The Linux Professional Institute (www.lpi.org) designs and delivers a standardized, multinational program to certify levels of individual expertise in Linux. The programs are put through a rigorous benchmarking process so that they will satisfy the requirements of Linux professionals and the organizations that would employ or contract them. They currently have Level 1 certification available for basic level system administrators and are working on Levels 2 and 3. LPI maintains vendor neutrality, and the testing is deployed globally, in English, through Virtual University Enterprise (http://www.vue.com/).

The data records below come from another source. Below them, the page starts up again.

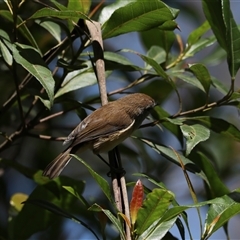 Gerygone mouki at Bundanoon, NSW - 16 Feb 2025 02:31 PM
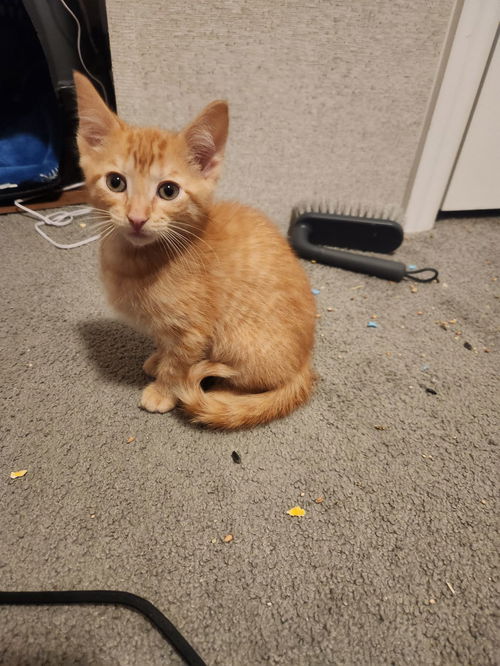 Pumpkin Pie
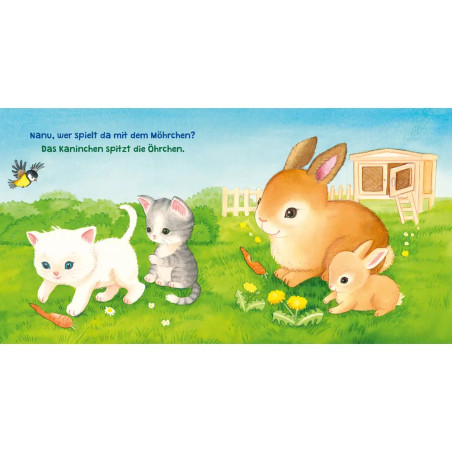 Baby Pixi (unkaputtbar) 164: Baby Pixi Stoff: Meine ersten Lieblingstiere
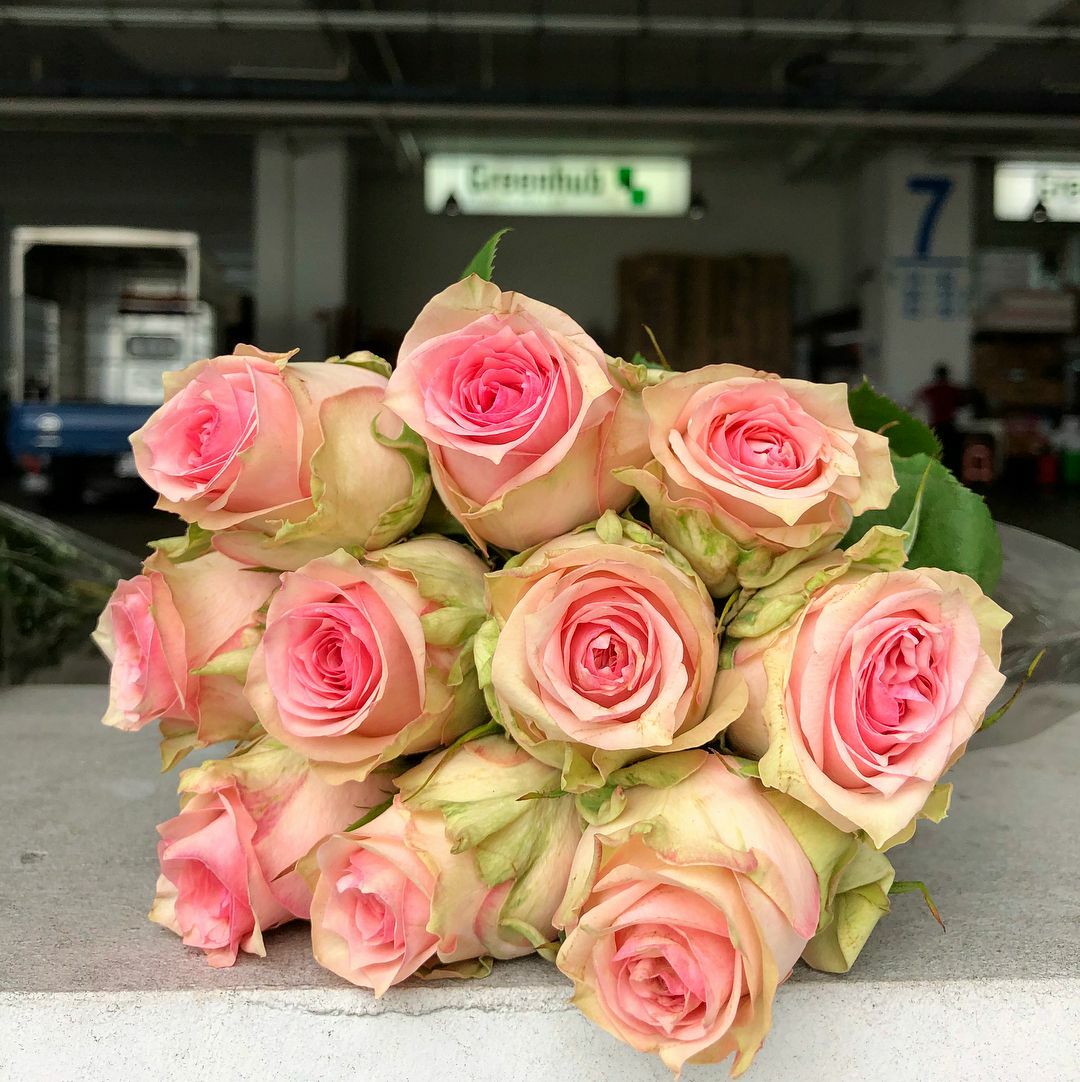 Greenhub Flowers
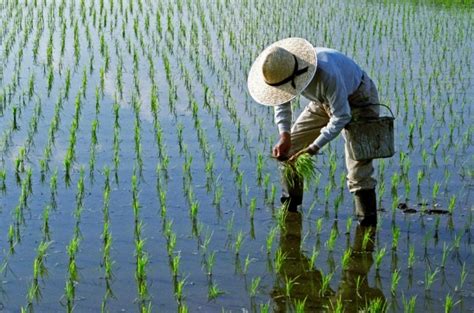 It's low in sodium and cholesterol, but rich in essential vitamins and minerals. Thailand to help farmers ramp up rice production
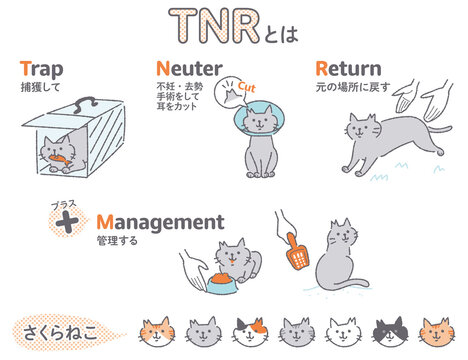 TNR活動　地域猫　イラストセット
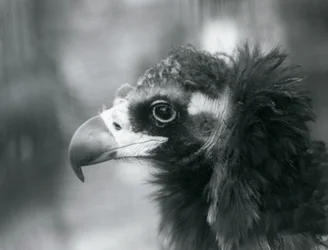 En nær truet munkegribb i London Zoo, 1927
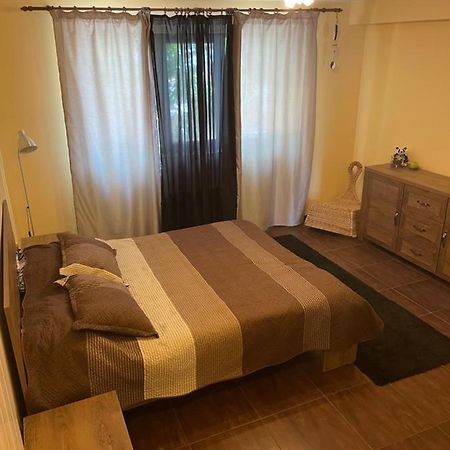 City Garden Escape Popesti-Leordeni Εξωτερικό φωτογραφία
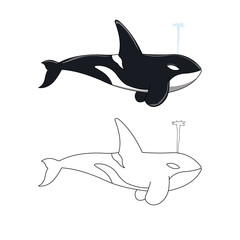 killer whale illustration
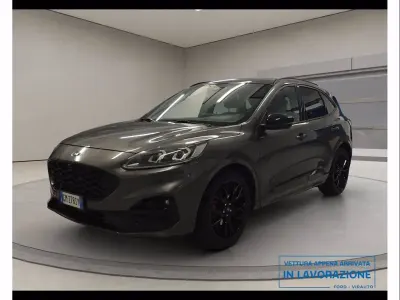 Usado Ford Kuga ST-Line X 120 CV (88 kW) 2023 Gris SUV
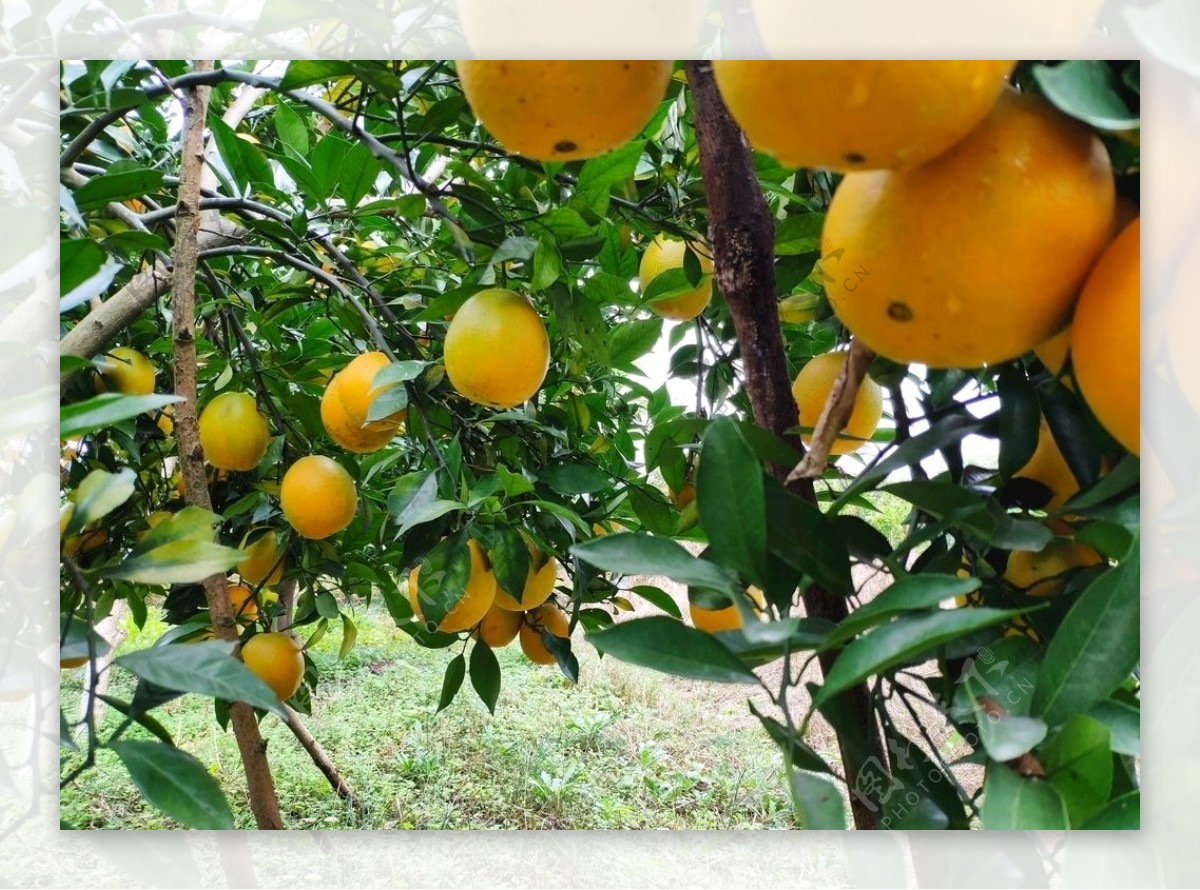 果园橙子图片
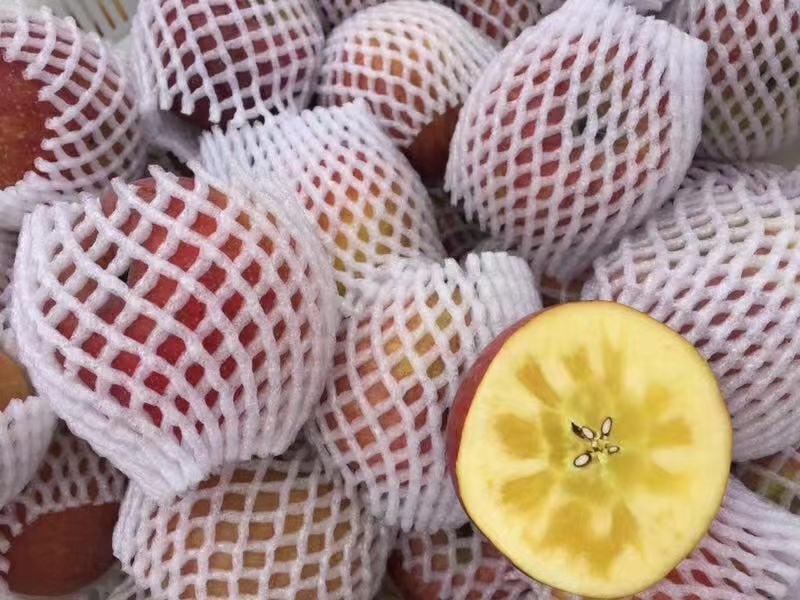 白鹿原樱桃包装与销售场景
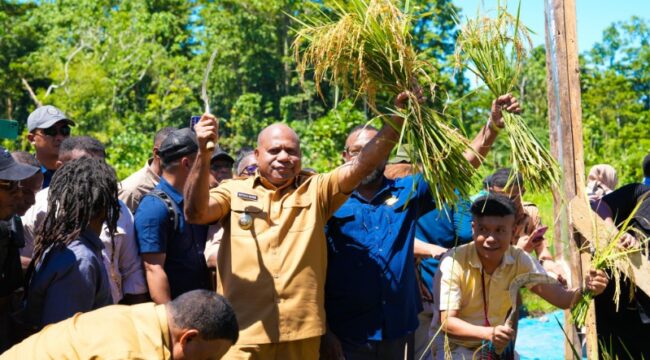 Gubernur Papua, Matius D. Fakhiri dalam panen padi perdana di Kepulauan Yapen / Istimewa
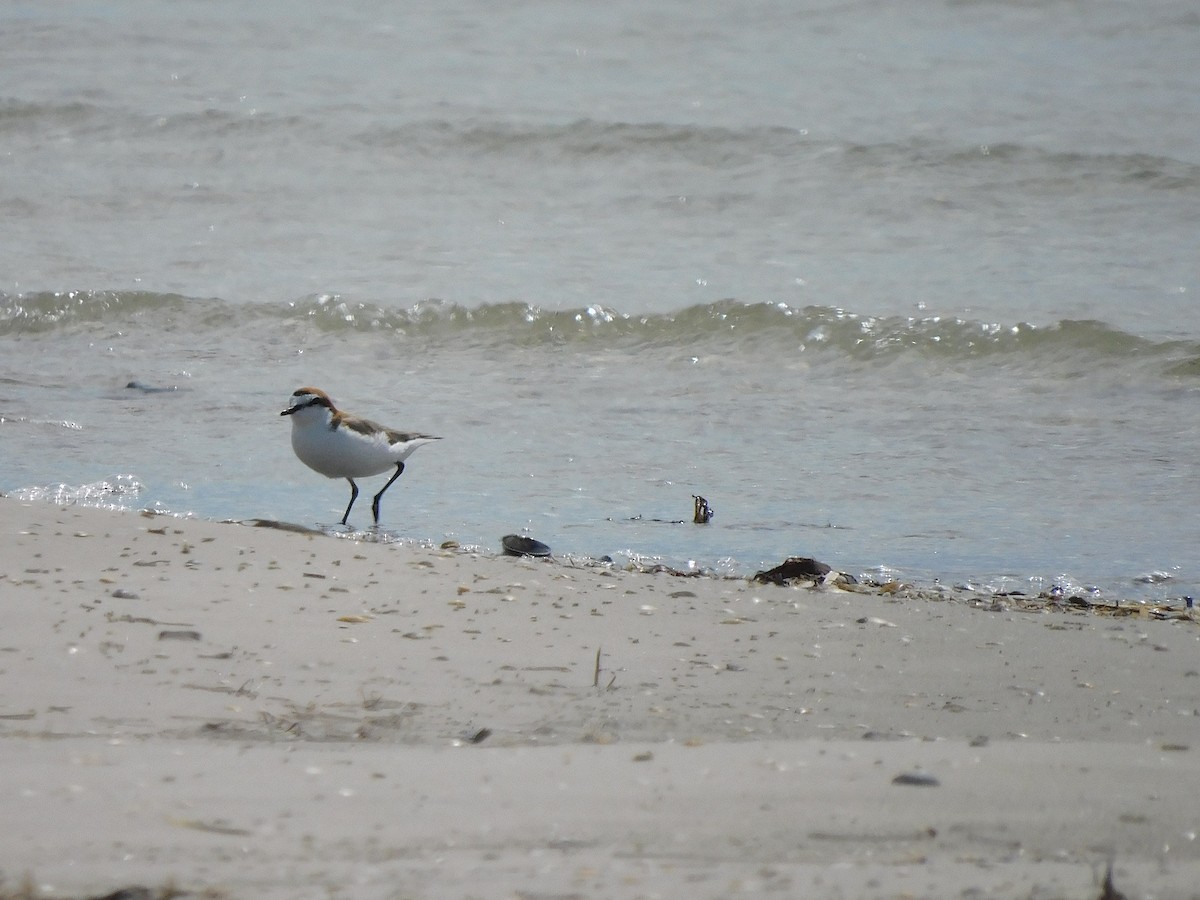Red-capped Plover - ML611750912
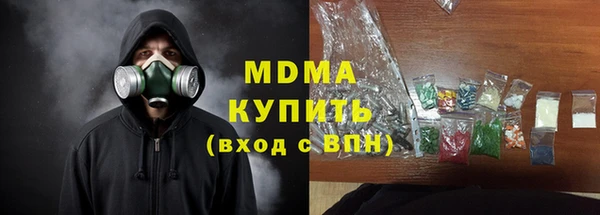 гашик Алексин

“The Linux Professional Institute preserves freedom of choice in how people prepare for their certification exams,” Dan York, president of LPI said. On their web site they offer a list of books, training centers and courses that can help someone prepare. LPI developed the exams using peer industry standard practices and psychometrics. In other words, they polled more than 1,400 people for the Level 1 test, asking them to complete a job-task analysis survey. The survey assesses tasks and knowledge sets that a person at each level of proficiency should know how to do. The goal, according to York, is to develop objectives that can be validated on a real-world basis. Legal defensibility of the tests is also an important component.
LPI is currently developing the Level 2 test and has polled more than 200 professionals thus far. The task is time consuming and lengthy, but creating a solid testing metric is worth the time and effort, according to York.
LPI could use the help of Linux professionals in the exam process. They need people who can review, write and translate Level 2 questions, as well as do ongoing maintenance and review of the Level 1 test to help keep it current. They could also use a hand in fund-raising and marketing. Because they have no budget for marketing, participants in the certification process learn about LPI through word-of-mouth. Companies could consider giving employees a few hours a week to work on LPI initiatives. For further information, log on to http://www.lpi.org/ and click on the Getting Involved button.
The Software Information Industry Association (SIIA) held the inaugural meeting of the Open Source Division, a new special interest group at their annual conference in San Diego. The agenda included discussions on the future of the open-source computing model and strategies to increase market acceptance of free software. They also discussed public policy developments affecting open-source companies and created a strategy for future action. Red Hat was the first free software company to join SIIA.
The SIIA is an international trade organization for software companies. During the antitrust case of recent history, SIIA filed a brief in the case siding with the government. This was done despite a Microsoft executive sitting on SIIA's board of directors. Within days of the filing, Microsoft resigned its membership. According to Ken Walsh, president of SIIA, it was more important to do the right thing and go with the majority of the board's opinion, than to bow to one member.